[Start of section]

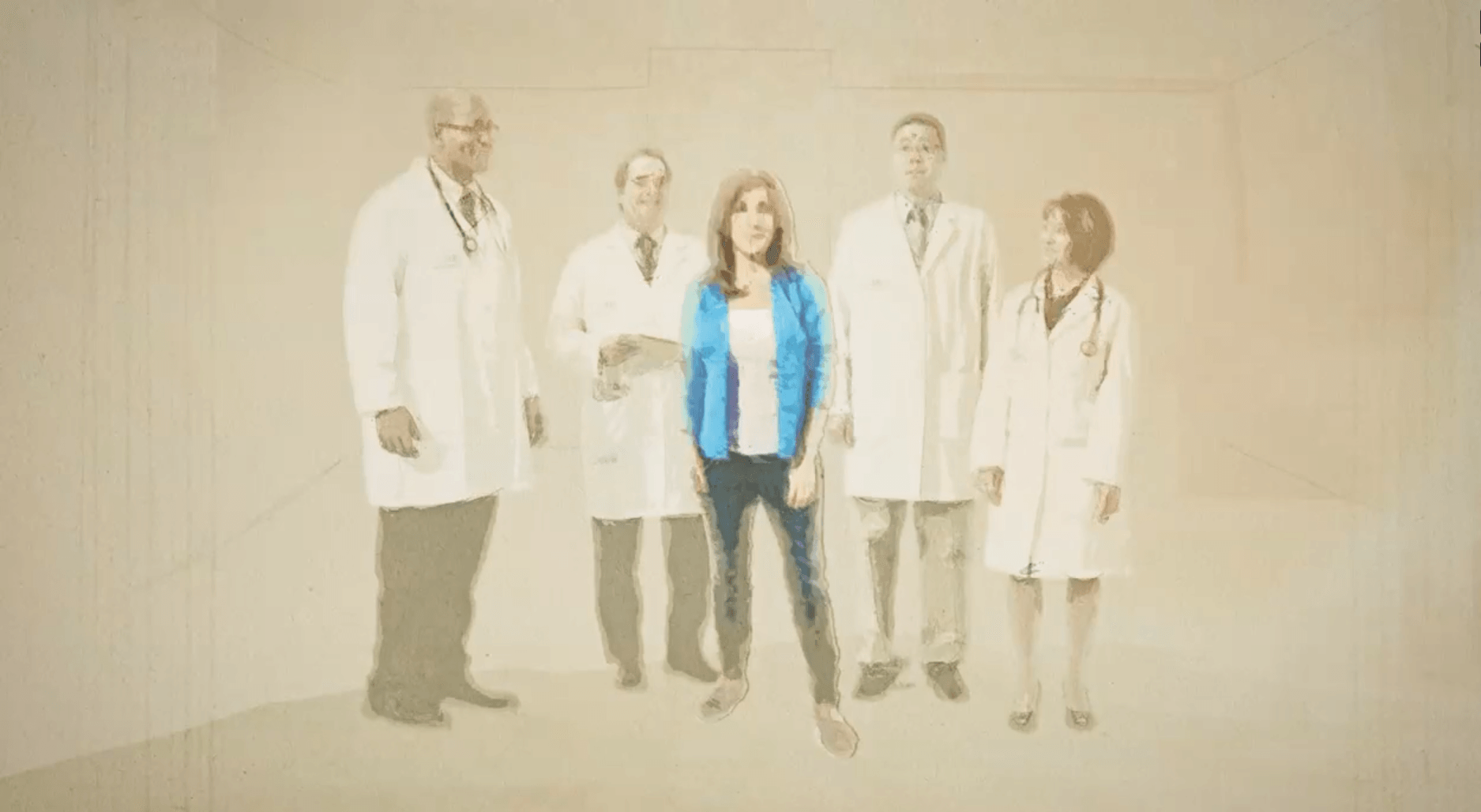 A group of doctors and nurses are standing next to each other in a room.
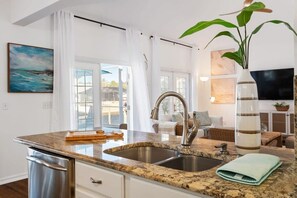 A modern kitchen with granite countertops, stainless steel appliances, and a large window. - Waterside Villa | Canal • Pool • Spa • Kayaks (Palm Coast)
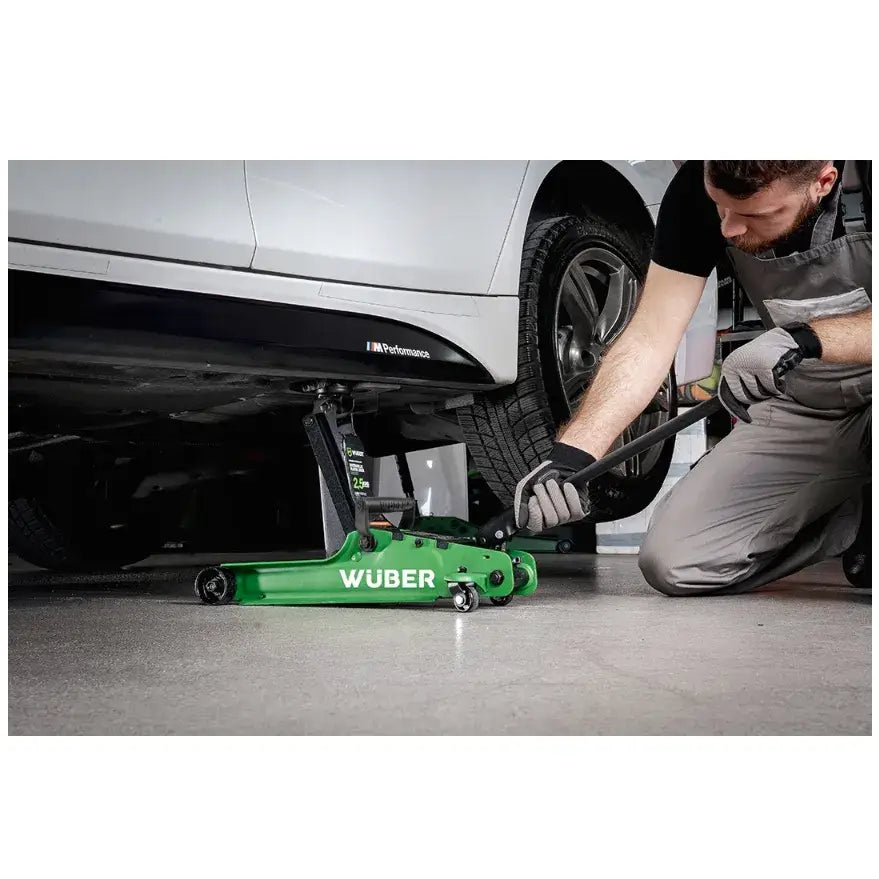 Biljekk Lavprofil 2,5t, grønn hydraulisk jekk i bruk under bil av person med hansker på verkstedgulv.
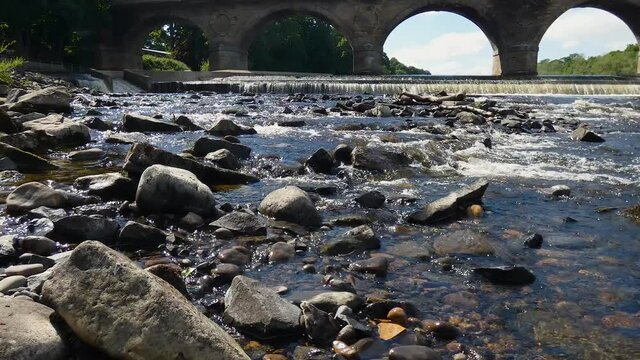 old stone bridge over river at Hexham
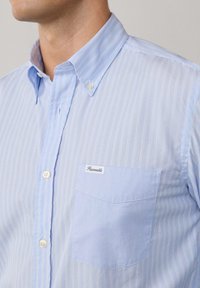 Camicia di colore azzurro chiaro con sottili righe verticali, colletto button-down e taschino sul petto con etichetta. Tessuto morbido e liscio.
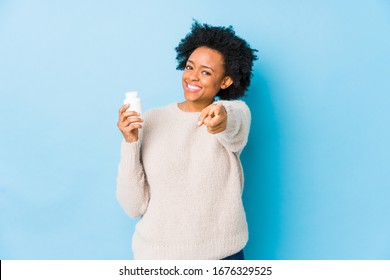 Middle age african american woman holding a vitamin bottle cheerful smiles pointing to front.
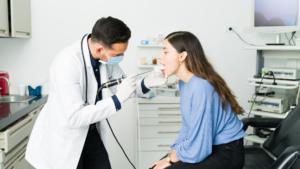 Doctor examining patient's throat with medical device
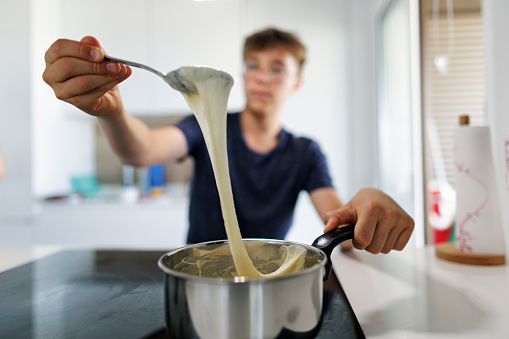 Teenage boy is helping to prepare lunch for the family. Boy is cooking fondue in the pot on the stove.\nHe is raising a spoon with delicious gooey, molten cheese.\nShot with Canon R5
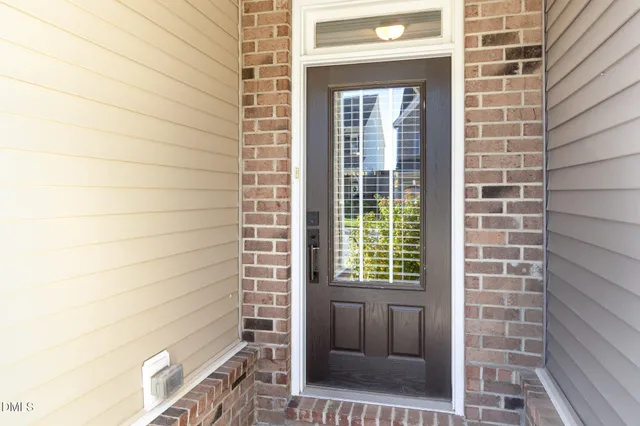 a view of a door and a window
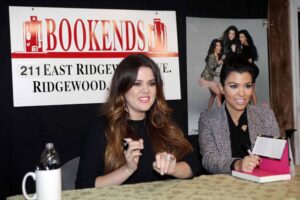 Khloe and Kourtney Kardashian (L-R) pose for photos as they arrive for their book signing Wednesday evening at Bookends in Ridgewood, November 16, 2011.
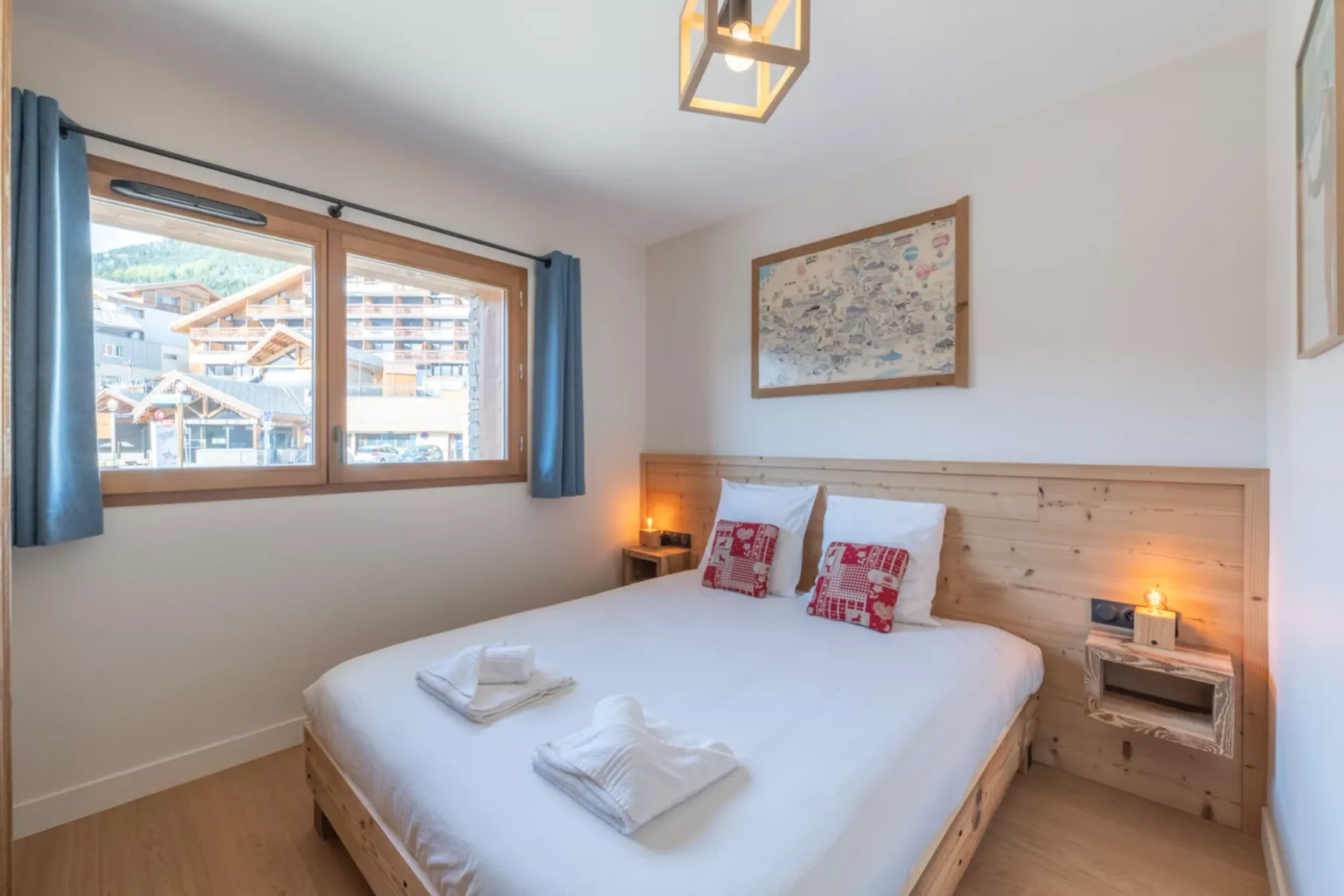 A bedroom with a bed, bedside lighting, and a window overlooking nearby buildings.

[End of section]

Within the material above, only the stretch from the line holding "old stone bridge over river at Hexham" through the line holding "Khloe and Kourtney" is to be restated exactly. Pictures are dropped.

 old stone bridge over river at Hexham
 Camicia di colore azzurro chiaro con sottili righe verticali, colletto button-down e taschino sul petto con etichetta. Tessuto morbido e liscio.
 Middle age african american woman holding a vitamin bottle cheerful smiles pointing to front.
 Doctor examining patient's throat with medical device
 Teenage boy is helping to prepare lunch for the family. Boy is cooking fondue in the pot on the stove.\nHe is raising a spoon with delicious gooey, molten cheese.\nShot with Canon R5
 a view of a door and a window
 Khloe and Kourtney Kardashian (L-R) pose for photos as they arrive for their book signing Wednesday evening at Bookends in Ridgewood, November 16, 2011.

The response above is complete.